▸ INPUT:
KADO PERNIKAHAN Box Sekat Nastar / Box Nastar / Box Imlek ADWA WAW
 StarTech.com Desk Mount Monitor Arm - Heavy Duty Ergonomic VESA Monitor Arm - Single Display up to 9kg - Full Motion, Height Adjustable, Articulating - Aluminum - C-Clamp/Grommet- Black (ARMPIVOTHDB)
* * *
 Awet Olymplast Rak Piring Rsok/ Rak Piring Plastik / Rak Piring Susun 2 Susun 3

▸ EXERCISE OBJECTIVE:
Using the data above, reproduce exactly the lines between those holding "KADO PERNIKAHAN Box" and "StarTech.com Desk Mount", inclusive, and no others.

▸ FINISHED TASK:
KADO PERNIKAHAN Box Sekat Nastar / Box Nastar / Box Imlek ADWA WAW
 StarTech.com Desk Mount Monitor Arm - Heavy Duty Ergonomic VESA Monitor Arm - Single Display up to 9kg - Full Motion, Height Adjustable, Articulating - Aluminum - C-Clamp/Grommet- Black (ARMPIVOTHDB)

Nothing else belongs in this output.